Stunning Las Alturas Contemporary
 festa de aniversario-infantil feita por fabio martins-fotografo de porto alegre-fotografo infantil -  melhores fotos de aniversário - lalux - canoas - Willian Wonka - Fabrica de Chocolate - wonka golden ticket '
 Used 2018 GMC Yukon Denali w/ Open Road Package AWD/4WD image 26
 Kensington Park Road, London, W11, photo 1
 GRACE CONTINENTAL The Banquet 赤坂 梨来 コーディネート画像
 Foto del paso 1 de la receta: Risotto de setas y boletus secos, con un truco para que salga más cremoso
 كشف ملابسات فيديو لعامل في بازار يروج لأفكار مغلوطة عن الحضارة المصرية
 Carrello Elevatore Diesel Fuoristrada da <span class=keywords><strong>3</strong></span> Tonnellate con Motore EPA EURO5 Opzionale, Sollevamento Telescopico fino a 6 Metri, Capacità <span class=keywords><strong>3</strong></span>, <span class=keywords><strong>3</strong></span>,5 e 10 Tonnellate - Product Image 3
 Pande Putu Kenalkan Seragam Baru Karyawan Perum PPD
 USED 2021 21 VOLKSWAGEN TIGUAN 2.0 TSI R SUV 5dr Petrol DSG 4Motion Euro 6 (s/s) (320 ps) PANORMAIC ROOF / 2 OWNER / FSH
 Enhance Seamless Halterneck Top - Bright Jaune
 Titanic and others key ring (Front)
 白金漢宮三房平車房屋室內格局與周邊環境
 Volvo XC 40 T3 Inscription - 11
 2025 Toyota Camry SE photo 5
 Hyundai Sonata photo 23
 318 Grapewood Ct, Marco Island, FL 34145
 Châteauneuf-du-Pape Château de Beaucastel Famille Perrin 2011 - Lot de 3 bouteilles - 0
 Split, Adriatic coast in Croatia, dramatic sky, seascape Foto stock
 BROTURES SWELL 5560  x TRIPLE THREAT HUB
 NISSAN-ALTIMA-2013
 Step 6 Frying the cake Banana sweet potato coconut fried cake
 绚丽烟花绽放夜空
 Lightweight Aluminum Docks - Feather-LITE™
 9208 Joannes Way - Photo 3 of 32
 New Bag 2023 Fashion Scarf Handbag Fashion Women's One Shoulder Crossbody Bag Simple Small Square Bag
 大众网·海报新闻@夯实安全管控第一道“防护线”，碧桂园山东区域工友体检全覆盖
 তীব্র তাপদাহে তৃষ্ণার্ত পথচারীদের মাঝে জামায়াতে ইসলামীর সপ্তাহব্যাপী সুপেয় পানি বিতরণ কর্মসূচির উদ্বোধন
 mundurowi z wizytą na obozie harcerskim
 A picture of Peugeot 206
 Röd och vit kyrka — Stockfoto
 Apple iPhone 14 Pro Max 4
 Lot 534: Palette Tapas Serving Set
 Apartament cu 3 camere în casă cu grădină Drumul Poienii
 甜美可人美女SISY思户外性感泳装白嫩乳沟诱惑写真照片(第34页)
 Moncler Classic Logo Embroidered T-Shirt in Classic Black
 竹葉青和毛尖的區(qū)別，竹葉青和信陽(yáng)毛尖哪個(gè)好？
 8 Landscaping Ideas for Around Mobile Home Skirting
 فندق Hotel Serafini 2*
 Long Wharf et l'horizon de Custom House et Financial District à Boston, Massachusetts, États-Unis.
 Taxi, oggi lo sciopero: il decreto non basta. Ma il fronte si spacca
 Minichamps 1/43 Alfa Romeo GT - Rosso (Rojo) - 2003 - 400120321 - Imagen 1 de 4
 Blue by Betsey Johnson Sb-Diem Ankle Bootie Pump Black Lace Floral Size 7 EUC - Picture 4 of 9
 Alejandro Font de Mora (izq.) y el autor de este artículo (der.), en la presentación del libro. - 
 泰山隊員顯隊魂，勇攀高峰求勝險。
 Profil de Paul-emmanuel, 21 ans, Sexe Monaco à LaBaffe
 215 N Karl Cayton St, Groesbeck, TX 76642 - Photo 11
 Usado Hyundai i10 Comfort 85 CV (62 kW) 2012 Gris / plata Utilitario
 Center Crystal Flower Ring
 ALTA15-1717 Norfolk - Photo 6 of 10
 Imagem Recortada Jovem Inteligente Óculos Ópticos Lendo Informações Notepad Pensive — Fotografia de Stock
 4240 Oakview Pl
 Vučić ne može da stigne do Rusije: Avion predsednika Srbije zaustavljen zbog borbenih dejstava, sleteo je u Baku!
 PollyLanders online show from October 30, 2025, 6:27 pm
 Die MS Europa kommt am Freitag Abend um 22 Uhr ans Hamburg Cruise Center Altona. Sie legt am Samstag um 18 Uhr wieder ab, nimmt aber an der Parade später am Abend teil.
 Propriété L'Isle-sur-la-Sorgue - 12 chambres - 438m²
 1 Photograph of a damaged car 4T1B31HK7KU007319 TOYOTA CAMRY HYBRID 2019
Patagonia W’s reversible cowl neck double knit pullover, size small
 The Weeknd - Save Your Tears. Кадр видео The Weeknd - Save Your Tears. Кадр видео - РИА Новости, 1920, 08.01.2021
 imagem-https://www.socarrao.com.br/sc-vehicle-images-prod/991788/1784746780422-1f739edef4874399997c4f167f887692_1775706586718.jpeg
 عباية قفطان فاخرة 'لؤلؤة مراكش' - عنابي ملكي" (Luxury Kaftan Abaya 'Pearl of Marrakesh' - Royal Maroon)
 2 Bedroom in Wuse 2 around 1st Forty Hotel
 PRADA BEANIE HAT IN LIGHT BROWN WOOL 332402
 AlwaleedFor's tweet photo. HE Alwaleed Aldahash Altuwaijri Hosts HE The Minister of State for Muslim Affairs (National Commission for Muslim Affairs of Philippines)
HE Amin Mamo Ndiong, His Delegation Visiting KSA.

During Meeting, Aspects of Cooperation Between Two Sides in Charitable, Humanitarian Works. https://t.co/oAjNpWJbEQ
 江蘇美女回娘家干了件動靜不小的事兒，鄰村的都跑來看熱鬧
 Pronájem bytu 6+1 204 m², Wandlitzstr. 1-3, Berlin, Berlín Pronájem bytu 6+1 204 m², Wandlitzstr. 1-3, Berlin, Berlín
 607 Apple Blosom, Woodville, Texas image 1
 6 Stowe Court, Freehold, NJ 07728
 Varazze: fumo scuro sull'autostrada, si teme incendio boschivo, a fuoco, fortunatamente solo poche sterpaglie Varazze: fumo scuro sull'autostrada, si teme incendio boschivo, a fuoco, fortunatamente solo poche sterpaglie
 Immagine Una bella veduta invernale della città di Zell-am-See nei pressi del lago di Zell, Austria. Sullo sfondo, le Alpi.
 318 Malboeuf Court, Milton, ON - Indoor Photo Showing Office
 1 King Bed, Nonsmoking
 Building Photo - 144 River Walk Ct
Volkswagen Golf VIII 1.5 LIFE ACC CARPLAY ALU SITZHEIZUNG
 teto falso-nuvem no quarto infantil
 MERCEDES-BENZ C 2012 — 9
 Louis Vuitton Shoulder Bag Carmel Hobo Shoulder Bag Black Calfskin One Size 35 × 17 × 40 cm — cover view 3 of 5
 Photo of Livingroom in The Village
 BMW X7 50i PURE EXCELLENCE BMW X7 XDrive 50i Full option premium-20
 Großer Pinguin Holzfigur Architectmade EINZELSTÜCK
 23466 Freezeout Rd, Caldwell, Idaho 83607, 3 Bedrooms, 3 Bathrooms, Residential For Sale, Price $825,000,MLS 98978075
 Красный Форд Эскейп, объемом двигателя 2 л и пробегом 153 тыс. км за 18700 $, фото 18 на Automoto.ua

*****

* **About this task**: Up to and including the line that holds "Kensington Park Road, London, W11, photo 1", reproduce the records above exactly from their first line, and give nothing else.

* **Written response**:
Stunning Las Alturas Contemporary
 festa de aniversario-infantil feita por fabio martins-fotografo de porto alegre-fotografo infantil -  melhores fotos de aniversário - lalux - canoas - Willian Wonka - Fabrica de Chocolate - wonka golden ticket '
 Used 2018 GMC Yukon Denali w/ Open Road Package AWD/4WD image 26
 Kensington Park Road, London, W11, photo 1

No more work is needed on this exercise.